Гигант разинул рот, и я успел взглянуть прямо в широко раскрытые и пустые от потрясения глаза, прежде чем из его рта брызнула кровь и ослепила меня. Чертыхаясь от отвращения, я отпрянул, оставив меч в груди алундийца. Протирая глаза, я услышал щелчки арбалетов моих товарищей, выстреливших разом, и вместе с ними более тихий «трум» тетивы Флетчмана. Взглянув снова, я поразился, увидев, что алундиец ещё стоит. Болты пронзили его тело спереди и сзади, а ещё одна стрела Флетчмана торчала из шеи, и всё же он стоял. Он уже не рычал, как несколько секунд назад, а тяжёлое лицо недоумённо обмякло. Толстые окровавленные губы изогнулись, и вылетело красное облако брызг, когда он попытался заговорить. Конечно, слова звучали искажённо, но с некоторыми усилиями мне удалось их разобрать.
— Еретики… отбросы…
— Не мы, грязный убийца, — сказал Флетчман, шагнув вперёд и вытаскивая с пояса охотничий нож с длинным лезвием. Он рубанул алундийца по шее, выпустив поток крови, от которого мужик наконец-то свалился. — Ересь за тобой, — добавил Флетчман, сплюнув на содрогавшийся труп. — Да проклянут Серафили твою поганую душу.
— Это их вожак? — я с сомнением посмотрел на связанную фигуру, съёжившуюся на коленях у копыт коня Уилхема. Пленник разительно отличался от огромного фанатика, из туши которого мне пришлось несколько минут с большими усилиями вытаскивать меч. А этот коротышка с тоненькими руками и ногами скрючился в своих узах и зыркал по сторонам блестящими почти немигающими глазами перепуганной души.
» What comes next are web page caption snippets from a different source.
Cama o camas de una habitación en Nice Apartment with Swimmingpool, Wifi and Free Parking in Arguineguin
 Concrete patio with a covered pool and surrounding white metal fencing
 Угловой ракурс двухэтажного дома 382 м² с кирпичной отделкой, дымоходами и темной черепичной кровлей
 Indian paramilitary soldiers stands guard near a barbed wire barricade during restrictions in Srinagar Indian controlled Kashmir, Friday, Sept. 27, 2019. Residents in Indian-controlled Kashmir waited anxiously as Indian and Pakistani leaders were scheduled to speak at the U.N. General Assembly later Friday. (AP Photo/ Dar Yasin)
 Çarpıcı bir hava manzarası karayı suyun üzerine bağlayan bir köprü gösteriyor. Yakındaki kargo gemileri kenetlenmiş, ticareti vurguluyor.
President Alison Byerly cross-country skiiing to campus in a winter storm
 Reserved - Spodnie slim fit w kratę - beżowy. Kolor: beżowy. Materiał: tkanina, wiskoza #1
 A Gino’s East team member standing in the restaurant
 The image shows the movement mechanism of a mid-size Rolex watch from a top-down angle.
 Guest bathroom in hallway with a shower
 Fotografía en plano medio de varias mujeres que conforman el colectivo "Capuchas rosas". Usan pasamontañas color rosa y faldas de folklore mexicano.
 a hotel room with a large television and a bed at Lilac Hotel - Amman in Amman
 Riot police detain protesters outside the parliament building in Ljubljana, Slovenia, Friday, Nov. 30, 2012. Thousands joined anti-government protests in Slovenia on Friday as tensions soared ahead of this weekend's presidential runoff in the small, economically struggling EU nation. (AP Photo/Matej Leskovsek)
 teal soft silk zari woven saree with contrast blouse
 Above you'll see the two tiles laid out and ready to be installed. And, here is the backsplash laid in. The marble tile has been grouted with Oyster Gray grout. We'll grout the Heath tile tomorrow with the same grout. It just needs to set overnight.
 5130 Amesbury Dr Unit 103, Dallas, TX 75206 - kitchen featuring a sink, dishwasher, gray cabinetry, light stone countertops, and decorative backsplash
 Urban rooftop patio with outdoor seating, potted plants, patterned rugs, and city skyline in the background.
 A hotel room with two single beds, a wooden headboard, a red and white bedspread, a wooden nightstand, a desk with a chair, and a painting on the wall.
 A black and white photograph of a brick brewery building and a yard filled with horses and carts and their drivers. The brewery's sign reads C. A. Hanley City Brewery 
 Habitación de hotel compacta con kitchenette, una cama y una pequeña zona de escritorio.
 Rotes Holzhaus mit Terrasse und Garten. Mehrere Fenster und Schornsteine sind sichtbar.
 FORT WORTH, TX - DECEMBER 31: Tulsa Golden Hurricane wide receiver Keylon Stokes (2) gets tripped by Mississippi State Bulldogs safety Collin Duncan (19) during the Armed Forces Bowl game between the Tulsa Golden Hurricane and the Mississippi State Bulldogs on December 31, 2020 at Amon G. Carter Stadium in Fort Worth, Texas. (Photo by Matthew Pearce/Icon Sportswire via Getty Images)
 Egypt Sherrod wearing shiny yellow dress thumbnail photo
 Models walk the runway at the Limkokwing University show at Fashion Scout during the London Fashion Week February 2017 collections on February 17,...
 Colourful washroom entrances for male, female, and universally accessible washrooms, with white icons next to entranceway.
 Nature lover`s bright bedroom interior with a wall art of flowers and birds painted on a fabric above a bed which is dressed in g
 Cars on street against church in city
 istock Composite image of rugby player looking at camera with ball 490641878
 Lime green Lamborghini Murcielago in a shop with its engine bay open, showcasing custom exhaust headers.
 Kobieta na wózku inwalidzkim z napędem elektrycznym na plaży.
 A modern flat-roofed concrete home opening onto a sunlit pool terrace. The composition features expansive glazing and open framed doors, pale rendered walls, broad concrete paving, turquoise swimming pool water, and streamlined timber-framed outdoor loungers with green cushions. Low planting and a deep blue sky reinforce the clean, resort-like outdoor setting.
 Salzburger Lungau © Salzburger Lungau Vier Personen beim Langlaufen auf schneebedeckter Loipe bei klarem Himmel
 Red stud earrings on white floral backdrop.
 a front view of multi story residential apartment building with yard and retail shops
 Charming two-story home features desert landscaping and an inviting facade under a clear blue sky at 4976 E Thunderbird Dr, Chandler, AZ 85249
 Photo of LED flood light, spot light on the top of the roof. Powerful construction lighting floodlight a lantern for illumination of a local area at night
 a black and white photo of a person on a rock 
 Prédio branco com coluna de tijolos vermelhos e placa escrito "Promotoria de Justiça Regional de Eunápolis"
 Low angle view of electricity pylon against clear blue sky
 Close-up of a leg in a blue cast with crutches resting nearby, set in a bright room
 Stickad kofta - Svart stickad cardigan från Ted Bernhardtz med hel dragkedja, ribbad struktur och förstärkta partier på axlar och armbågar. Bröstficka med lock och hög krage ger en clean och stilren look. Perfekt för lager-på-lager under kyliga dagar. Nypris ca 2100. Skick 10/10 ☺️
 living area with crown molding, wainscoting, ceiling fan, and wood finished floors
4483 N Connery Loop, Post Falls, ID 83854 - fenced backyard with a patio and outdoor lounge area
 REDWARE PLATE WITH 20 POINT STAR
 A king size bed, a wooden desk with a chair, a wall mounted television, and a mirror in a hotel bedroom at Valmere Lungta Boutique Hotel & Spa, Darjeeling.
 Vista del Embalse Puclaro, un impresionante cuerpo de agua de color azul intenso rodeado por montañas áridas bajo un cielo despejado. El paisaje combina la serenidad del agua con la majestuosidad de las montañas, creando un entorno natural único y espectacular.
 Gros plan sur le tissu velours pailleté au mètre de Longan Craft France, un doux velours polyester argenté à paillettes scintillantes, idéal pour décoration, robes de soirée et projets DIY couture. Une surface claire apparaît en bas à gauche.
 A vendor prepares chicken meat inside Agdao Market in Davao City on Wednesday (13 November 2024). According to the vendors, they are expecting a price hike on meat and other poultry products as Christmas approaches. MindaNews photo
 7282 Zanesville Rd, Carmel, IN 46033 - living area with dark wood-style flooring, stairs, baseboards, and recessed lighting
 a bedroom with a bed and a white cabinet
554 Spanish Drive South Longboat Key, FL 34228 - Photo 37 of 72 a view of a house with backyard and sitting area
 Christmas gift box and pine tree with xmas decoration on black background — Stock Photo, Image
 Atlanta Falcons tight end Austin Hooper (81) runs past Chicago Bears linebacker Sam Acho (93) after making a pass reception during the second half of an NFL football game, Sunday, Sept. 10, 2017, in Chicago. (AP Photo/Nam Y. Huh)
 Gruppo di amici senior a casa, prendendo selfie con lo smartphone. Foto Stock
— Да, именно он вёл эту толпу злодеев, — сказала женщина в порванной одежде паломницы. Он стояла и твёрдо смотрела на пленника суровым взглядом. Её лицо покрывала грязь и точки засохшей крови, но, несмотря на синяки под изорванной рясой, на меня она произвела впечатление юной жизненной силы. — Это он отдавал все приказы в святилище, — продолжала она, и моё ухо различило кордвайнский акцент. Она подошла ближе к сгорбленному пленнику и уставилась в его немигающие глаза. — Это он приказал перерезать горло моей дочери и заставил меня смотреть, когда полилась её кровь. — У неё не было оружия, но связанный отпрянул так, словно она стояла с острым ножом наготове. По тому, как женщина постоянно сжимала кулаки, я подозревал, что ему больше стоит бояться её ногтей. Руки у женщины были в крови по локоть, а значит ей уже выпадала возможность заняться ранеными алундийцами.
От их лагеря остались только разгромленные усеянные трупами руины. Одни гады сражались, другие бежали, третьи просто в панике носились, пока их не перерезали. Уже потом Уилхем наткнулся на эту женщину, колотившую сковородкой по разбитому черепу одного из её пленителей. А тощего коротышку нашли под упавшей палаткой, видимо потерявшим дар речи от ужаса.
— Он предстанет перед судом Помазанной Леди, госпожа Джалайна, — сказал ей Уилхем. — В этом можете не сомневаться.
Я думал, что после атаки Уилхема живых алундийцев уже не увижу, но, видимо, победа смягчила его мстительные порывы. Поблизости сидело ещё пятеро связанных пленников. Большинство соблюдало благоразумное молчание, но один жалобно всхлипывал, а его глаза закрывала окровавленная повязка. Снова посмотрев на госпожу Джалайну — единственную выжившую в резне у святилища, — на её окровавленные руки и стиснутые кулаки, я понял, что её карательная жажда ещё далеко не утолена. По всей видимости, ей пришлось смотреть, как зарезали её мужа и младшего брата вместе с другими прихожанами их кордвайнского прихода. Ещё одна пленница, девочка четырнадцати лет, не пережила путешествия от святилища.